Le maire de gauche de Marseille, Benoît Payan, a été officiellement réinstallé samedi pour un nouveau mandat, avec le militant antinarcotrafic Amine Kessaci comme 4e adjont, après sa large victoire au second tour des élections municipales. Avec 54,34% des voix le 22 mars, la coalition gauche-société civile-écolos emmenée par Benoît Payan a décroché 73 conseillers municipaux sur 111.
En deuxième position avec 40,3%, la liste menée par le candidat Rassemblement national Franck Allisio a obtenu 34 conseillers. Largement distancée avec 5,36%, la dernière liste présente au second tour, celle de la candidate de la droite et du centre Martine Vassal, n’a que 4 conseillers. Le conseil municipal a ensuite procédé à l’élection des adjoints au maire, au nombre de 33, le maximum légal.

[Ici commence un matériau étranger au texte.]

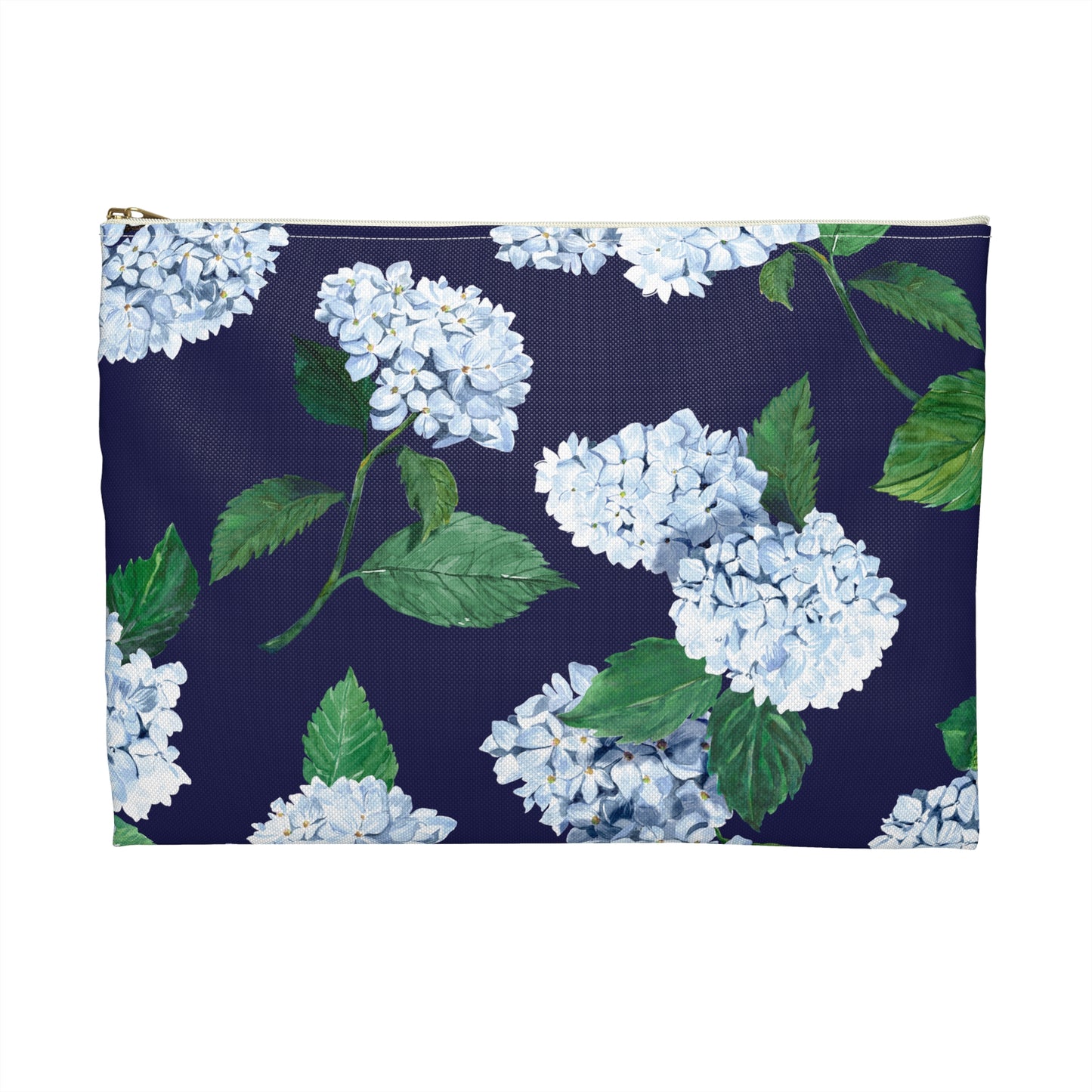 Back view of size Large Hydrangea Travel or makeup pouch in Twilight Navy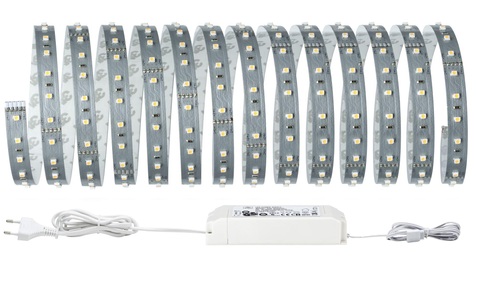 Paulmann, Paulmann MaxLED 500 70605 LED-Streifen-Basisset EEK: LED (A++ - E) mit Stecker 24 V 500 cm Tageslicht-Weiß, Paulmann LED-Streifen »MaxLED 500 6500«, 360 St.-flammig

Parmi ces adjoints, dont les attributions seront annoncées ultérieurement, figure en quatrième position le militant antinarcotrafic Amine Kessaci, menacé et sous protection policière jusque dans la salle du conseil. Michèle Rubirola, élue maire en 2020 avant de céder quelques mois après sa place à Benoît Payan, est en deuxième position alors que Samia Ghali, dont le rôle a été crucial dans le basculement à gauche de la deuxième ville de France il y a six ans, est troisième, conservant le titre de «maire-adjointe». «Dimanche dernier, les Marseillaises et les Marseillais se sont choisi un destin», a déclaré Benoît Payan, qui s’est posé pendant la campagne en unique rempart contre l’extrême droite.